>>>>

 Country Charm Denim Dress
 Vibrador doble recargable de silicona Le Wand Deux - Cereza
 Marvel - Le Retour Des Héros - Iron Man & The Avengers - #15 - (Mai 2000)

<<<<

Your task ▸ Output the entire listing above without leaving out or altering anything.

Answer space ▸
 Country Charm Denim Dress
 Vibrador doble recargable de silicona Le Wand Deux - Cereza
 Marvel - Le Retour Des Héros - Iron Man & The Avengers - #15 - (Mai 2000)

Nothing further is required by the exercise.